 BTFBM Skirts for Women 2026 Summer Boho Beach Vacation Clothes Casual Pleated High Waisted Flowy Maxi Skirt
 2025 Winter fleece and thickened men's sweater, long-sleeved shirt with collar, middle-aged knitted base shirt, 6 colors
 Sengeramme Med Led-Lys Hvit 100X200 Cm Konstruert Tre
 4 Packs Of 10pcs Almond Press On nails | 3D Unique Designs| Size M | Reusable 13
...
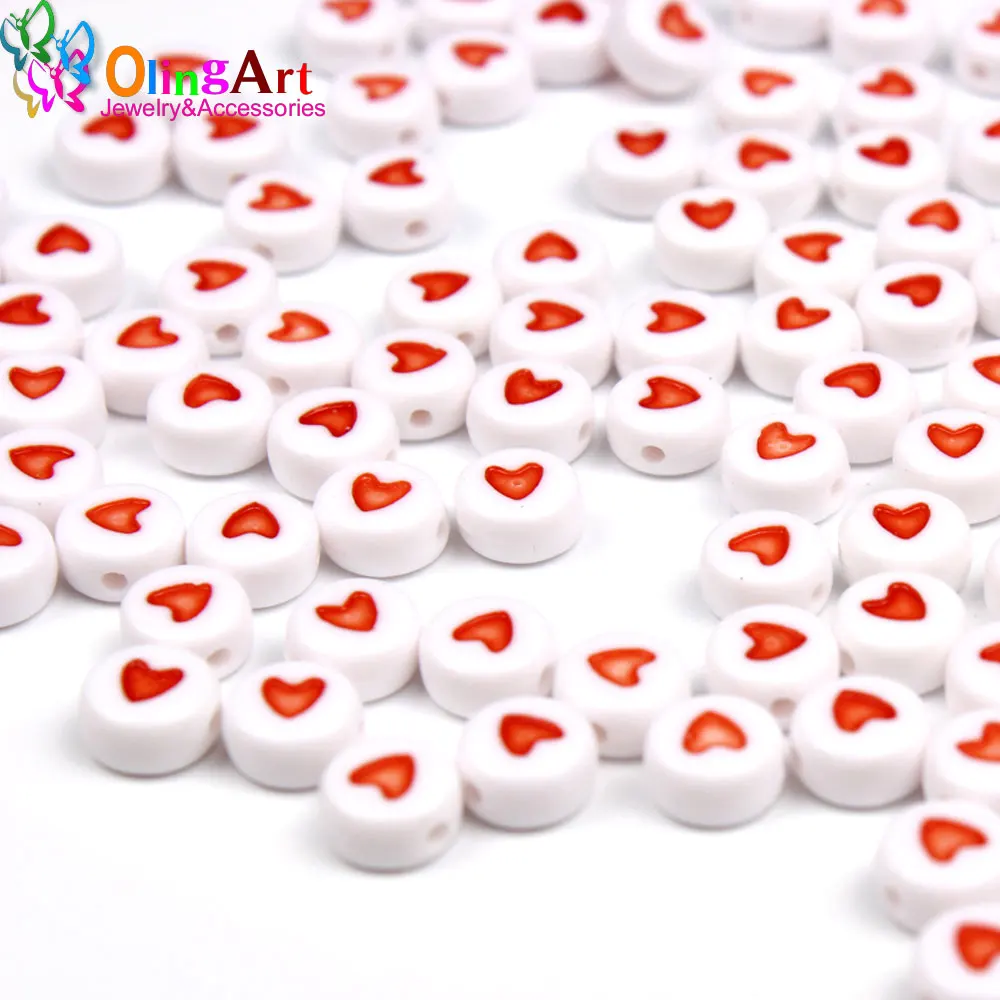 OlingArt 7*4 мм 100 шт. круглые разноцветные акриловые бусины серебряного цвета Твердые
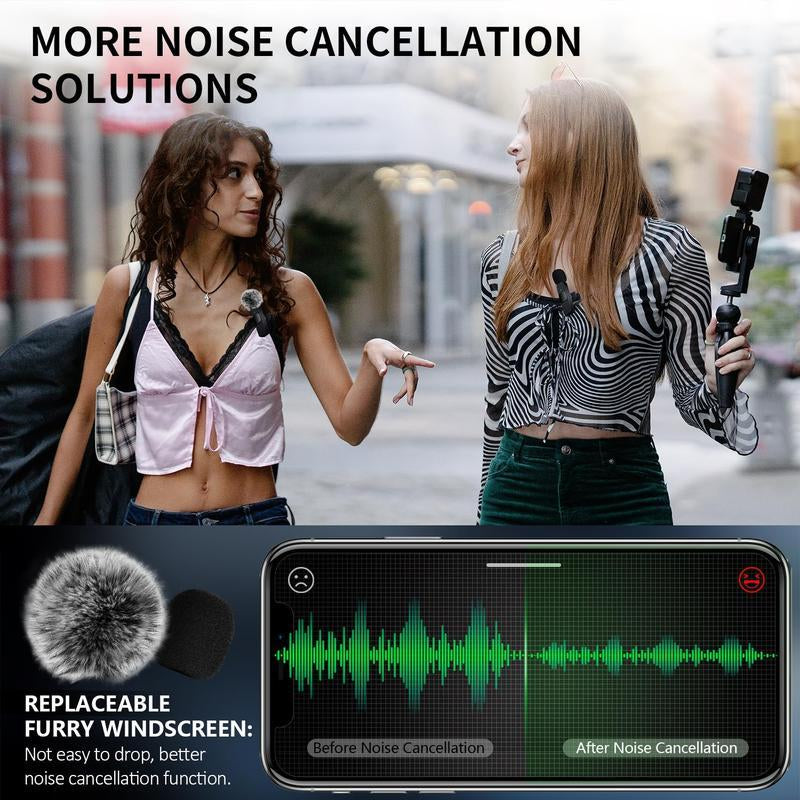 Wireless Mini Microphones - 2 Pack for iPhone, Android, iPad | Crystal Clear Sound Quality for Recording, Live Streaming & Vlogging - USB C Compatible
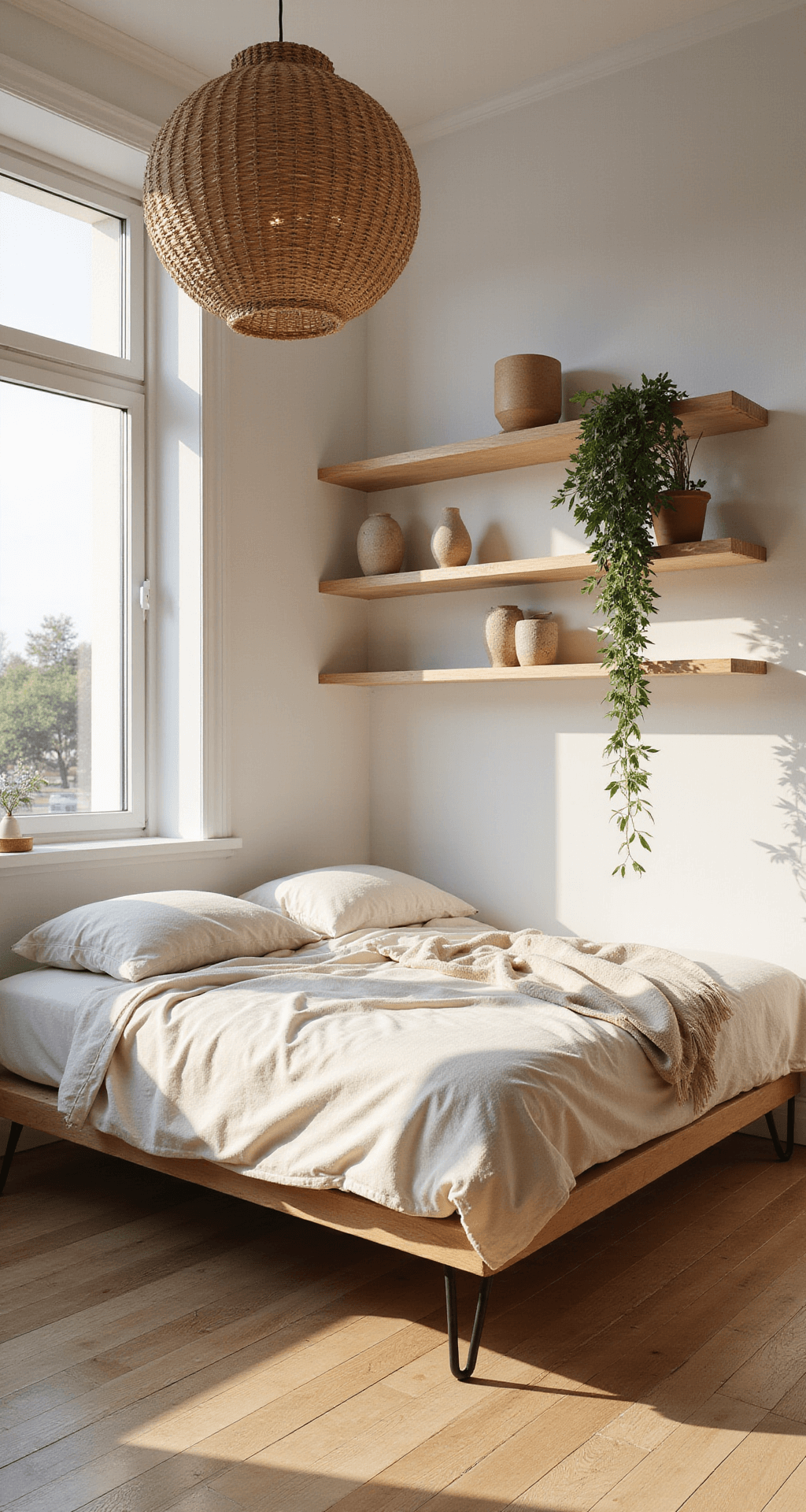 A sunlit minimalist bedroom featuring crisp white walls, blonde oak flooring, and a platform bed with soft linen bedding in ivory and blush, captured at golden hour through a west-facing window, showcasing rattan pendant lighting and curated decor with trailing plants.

→ Required work
When copying from the data above, print only the lines from the line containing "OlingArt 7*4 мм" to the line containing "A sunlit minimalist", exactly, and leave the pictures out.

→ Completed task
 OlingArt 7*4 мм 100 шт. круглые разноцветные акриловые бусины серебряного цвета Твердые
 Wireless Mini Microphones - 2 Pack for iPhone, Android, iPad | Crystal Clear Sound Quality for Recording, Live Streaming & Vlogging - USB C Compatible
 A sunlit minimalist bedroom featuring crisp white walls, blonde oak flooring, and a platform bed with soft linen bedding in ivory and blush, captured at golden hour through a west-facing window, showcasing rattan pendant lighting and curated decor with trailing plants.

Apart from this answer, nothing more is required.